The judge wrote that he believed the changes would, in effect, require some educators “to use students’ preferred pronouns regardless of whether doing so conflicts with the educator’s religious or moral beliefs.” He also stated that he believed the Department’s interpretation was in conflict with the plain language of Title IX, and that it therefore exceeded the Department’s authority to promulgate regulations under that statute.

This ruling came just a few days after a different judge in Louisiana, Mississippi, Montana, and Idaho also prevented the administration from enforcing the safeguards in those states. The federal courts located all around the country are currently hearing a number of other challenges.

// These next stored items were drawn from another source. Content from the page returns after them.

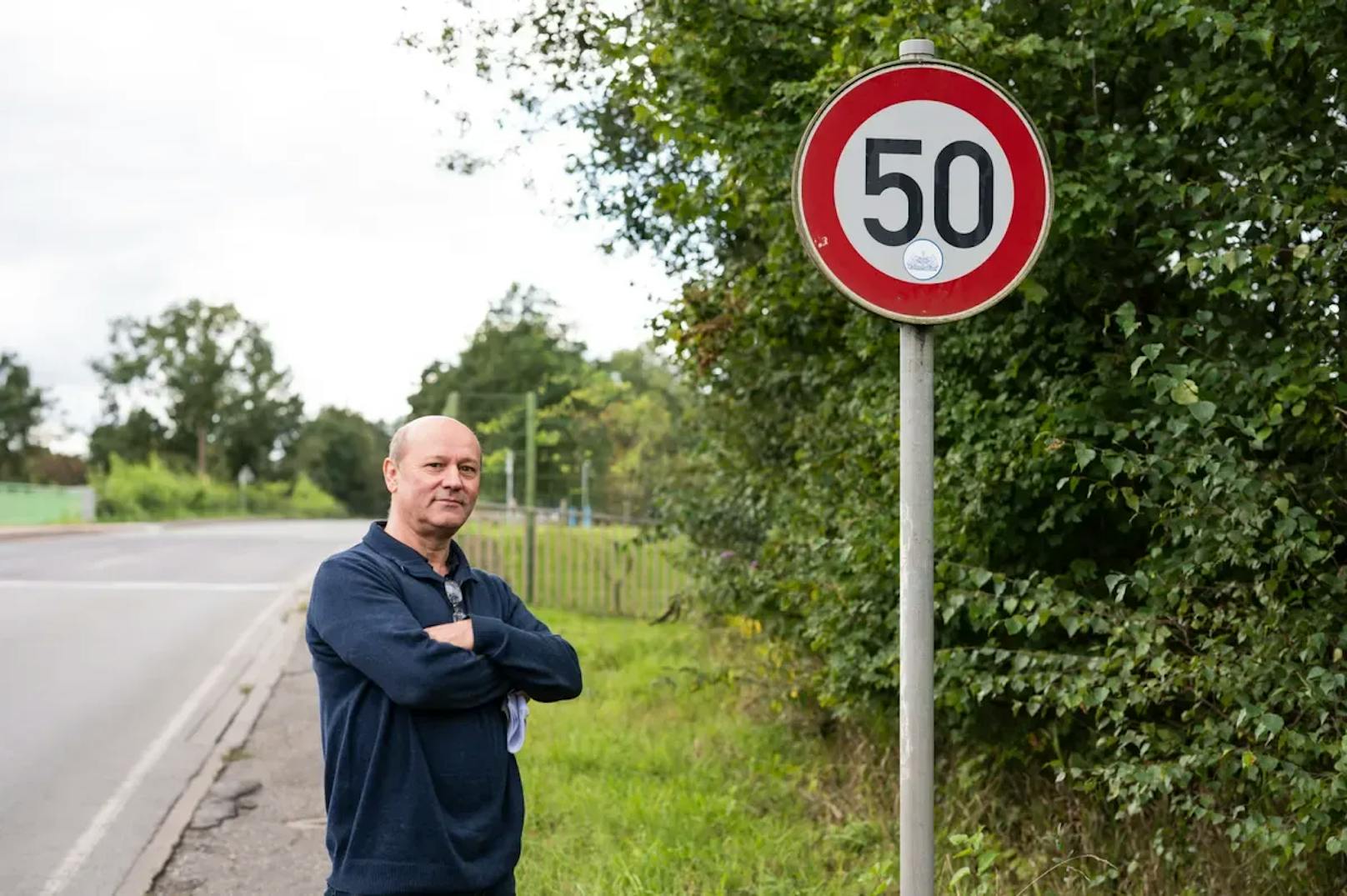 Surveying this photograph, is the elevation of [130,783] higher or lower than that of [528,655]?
lower

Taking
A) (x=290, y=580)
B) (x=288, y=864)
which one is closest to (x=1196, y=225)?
(x=288, y=864)

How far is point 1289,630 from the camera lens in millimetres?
3654

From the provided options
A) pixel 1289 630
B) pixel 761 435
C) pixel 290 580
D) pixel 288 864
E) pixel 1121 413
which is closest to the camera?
pixel 1289 630

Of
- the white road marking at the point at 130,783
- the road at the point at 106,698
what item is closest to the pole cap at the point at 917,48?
the road at the point at 106,698

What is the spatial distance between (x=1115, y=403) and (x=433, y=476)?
2.53 m

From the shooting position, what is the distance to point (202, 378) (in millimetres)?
90938

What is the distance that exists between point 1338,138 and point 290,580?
62.7ft

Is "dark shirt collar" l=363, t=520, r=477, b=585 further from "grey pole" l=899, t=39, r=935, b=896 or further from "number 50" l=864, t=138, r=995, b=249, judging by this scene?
"number 50" l=864, t=138, r=995, b=249

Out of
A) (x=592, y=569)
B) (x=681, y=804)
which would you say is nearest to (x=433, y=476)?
(x=681, y=804)

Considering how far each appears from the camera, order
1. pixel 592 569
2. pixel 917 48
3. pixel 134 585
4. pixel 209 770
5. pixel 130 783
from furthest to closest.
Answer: pixel 134 585 → pixel 592 569 → pixel 209 770 → pixel 130 783 → pixel 917 48

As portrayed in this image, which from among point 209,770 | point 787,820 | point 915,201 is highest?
point 915,201

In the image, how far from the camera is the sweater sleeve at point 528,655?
Result: 271 centimetres

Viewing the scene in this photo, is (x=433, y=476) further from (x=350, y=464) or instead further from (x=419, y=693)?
(x=350, y=464)

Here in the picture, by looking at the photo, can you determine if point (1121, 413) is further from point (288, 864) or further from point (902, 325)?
point (288, 864) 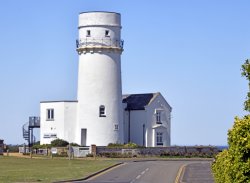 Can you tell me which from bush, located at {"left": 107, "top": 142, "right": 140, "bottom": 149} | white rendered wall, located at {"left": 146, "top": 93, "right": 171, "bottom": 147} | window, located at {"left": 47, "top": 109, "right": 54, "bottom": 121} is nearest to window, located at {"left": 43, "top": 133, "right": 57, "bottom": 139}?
window, located at {"left": 47, "top": 109, "right": 54, "bottom": 121}

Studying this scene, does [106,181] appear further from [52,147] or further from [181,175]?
[52,147]

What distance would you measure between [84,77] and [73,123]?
5.90 m

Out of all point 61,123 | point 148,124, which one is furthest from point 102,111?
point 148,124

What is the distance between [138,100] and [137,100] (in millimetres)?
172

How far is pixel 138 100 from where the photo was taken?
94625mm

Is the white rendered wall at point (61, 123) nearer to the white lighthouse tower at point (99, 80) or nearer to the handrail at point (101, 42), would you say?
the white lighthouse tower at point (99, 80)

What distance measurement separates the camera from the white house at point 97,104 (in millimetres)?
86438

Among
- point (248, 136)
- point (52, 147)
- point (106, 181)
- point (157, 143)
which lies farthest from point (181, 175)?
point (157, 143)

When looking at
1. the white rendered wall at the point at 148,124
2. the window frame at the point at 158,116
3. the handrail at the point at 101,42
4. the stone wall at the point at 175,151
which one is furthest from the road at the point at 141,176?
the window frame at the point at 158,116

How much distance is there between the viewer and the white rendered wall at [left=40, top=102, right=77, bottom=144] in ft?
293

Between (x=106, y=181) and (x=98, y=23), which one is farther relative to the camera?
(x=98, y=23)

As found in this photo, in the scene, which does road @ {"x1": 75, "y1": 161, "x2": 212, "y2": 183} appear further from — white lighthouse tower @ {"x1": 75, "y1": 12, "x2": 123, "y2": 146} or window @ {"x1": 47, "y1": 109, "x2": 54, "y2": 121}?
window @ {"x1": 47, "y1": 109, "x2": 54, "y2": 121}

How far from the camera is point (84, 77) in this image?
286ft

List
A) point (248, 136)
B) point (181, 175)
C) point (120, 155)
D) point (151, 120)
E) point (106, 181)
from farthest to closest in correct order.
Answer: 1. point (151, 120)
2. point (120, 155)
3. point (181, 175)
4. point (106, 181)
5. point (248, 136) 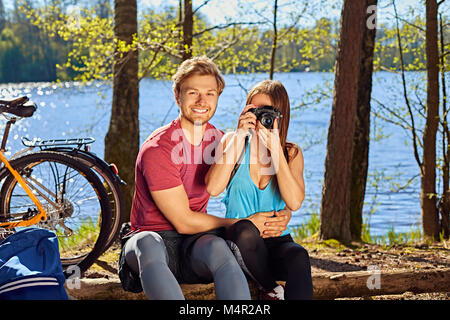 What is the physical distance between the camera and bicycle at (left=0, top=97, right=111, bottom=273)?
340cm

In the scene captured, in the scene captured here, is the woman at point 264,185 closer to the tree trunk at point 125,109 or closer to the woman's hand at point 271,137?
the woman's hand at point 271,137

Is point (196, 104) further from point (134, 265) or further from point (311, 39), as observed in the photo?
point (311, 39)

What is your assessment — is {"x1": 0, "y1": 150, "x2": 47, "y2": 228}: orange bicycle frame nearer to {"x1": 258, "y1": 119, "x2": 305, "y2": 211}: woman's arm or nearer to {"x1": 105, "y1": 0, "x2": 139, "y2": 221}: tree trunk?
{"x1": 258, "y1": 119, "x2": 305, "y2": 211}: woman's arm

When asked about the Department of Education’s response to the ruling from the previous week, a spokesman for the department pointed to it on Monday as per edition.cnn.com.

Vanessa Harmoush, the spokesperson for the Department of Education, stated in a statement that “the Department crafted the final Title IX regulations following a rigorous process to realize the Title IX statutory guarantee.” We will continue to fight for each and every student, and the Department of Education is committed to upholding the final Title IX regulations that were announced in April of 2024.